Start of Block

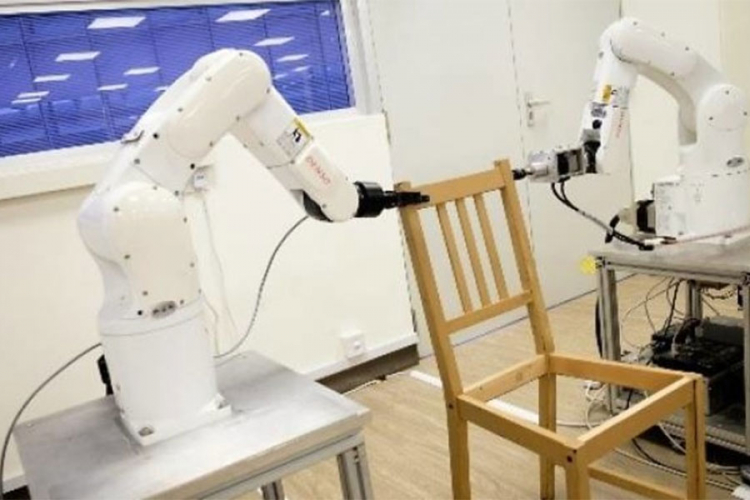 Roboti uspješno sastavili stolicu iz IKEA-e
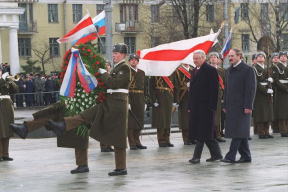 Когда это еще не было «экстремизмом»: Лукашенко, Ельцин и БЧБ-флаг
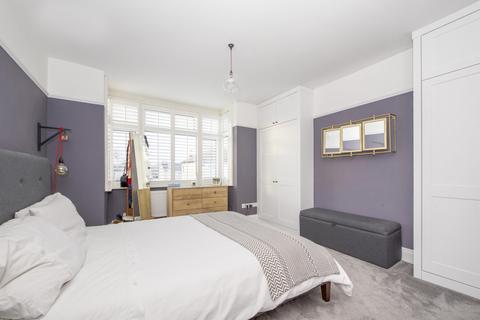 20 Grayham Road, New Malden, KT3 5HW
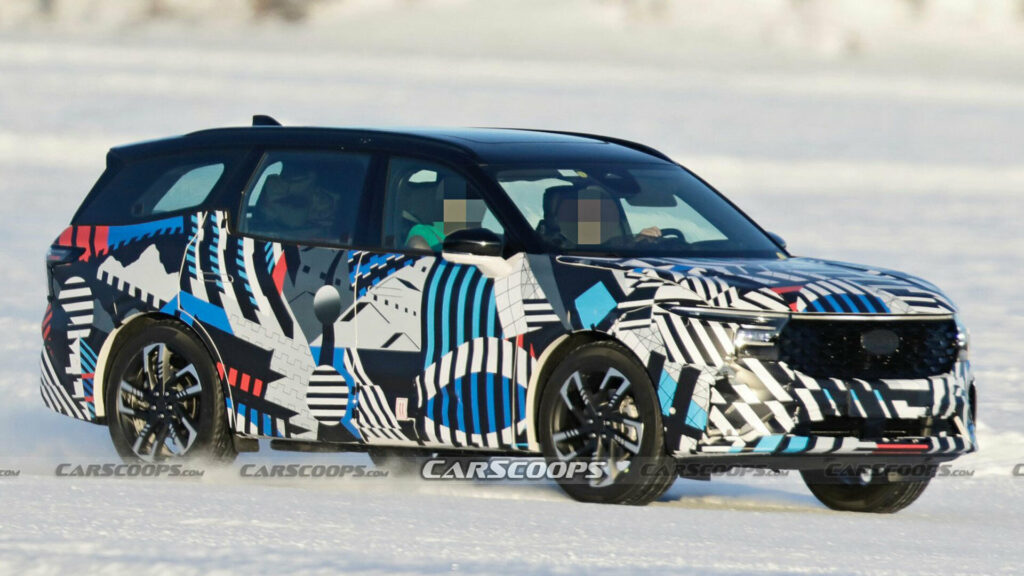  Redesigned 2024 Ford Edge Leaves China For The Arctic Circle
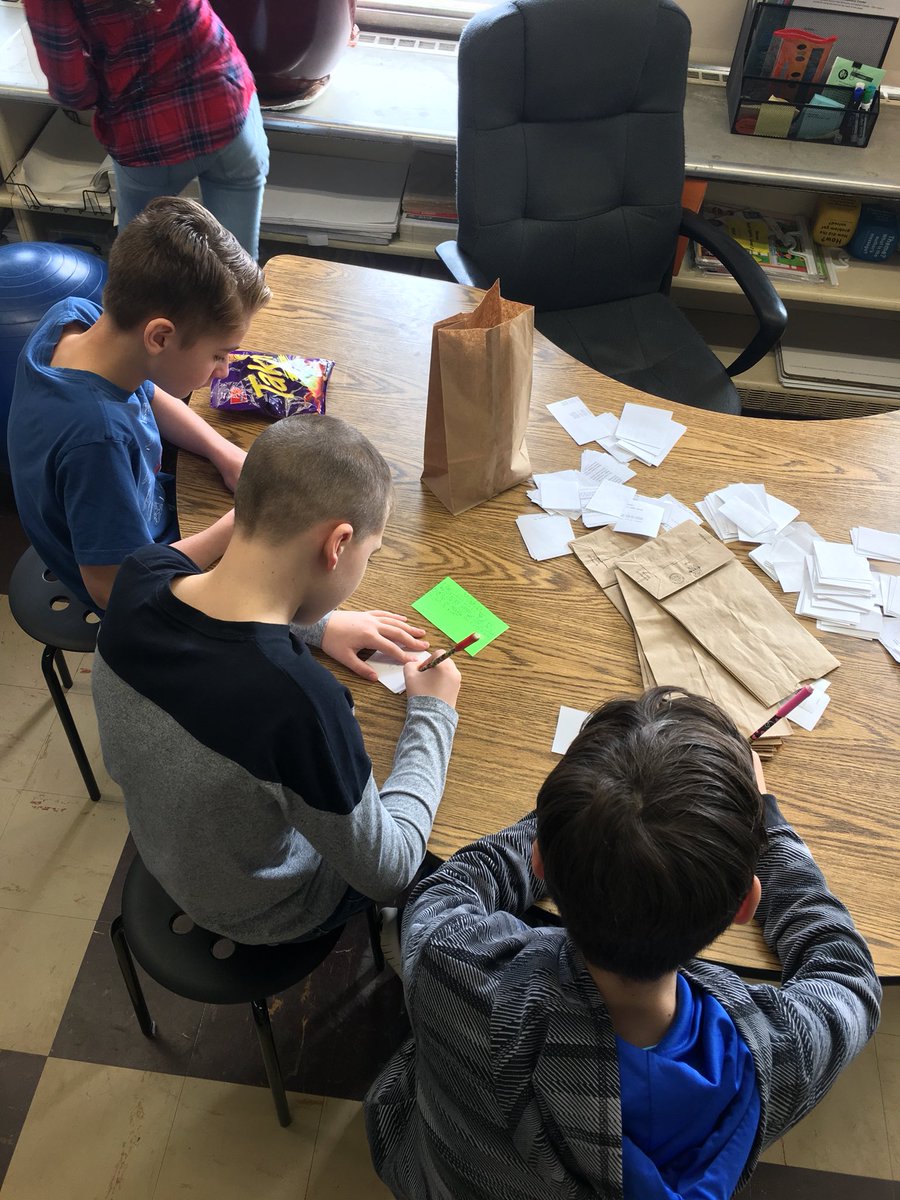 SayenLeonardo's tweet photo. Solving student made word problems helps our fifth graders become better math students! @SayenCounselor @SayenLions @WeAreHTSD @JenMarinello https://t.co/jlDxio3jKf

End of Block

GOAL OF THE EXERCISE
Once the pictures are removed, copy the material above exactly.

YOUR RESPONSE
 Roboti uspješno sastavili stolicu iz IKEA-e
 Когда это еще не было «экстремизмом»: Лукашенко, Ельцин и БЧБ-флаг
 20 Grayham Road, New Malden, KT3 5HW
  Redesigned 2024 Ford Edge Leaves China For The Arctic Circle
 SayenLeonardo's tweet photo. Solving student made word problems helps our fifth graders become better math students! @SayenCounselor @SayenLions @WeAreHTSD @JenMarinello https://t.co/jlDxio3jKf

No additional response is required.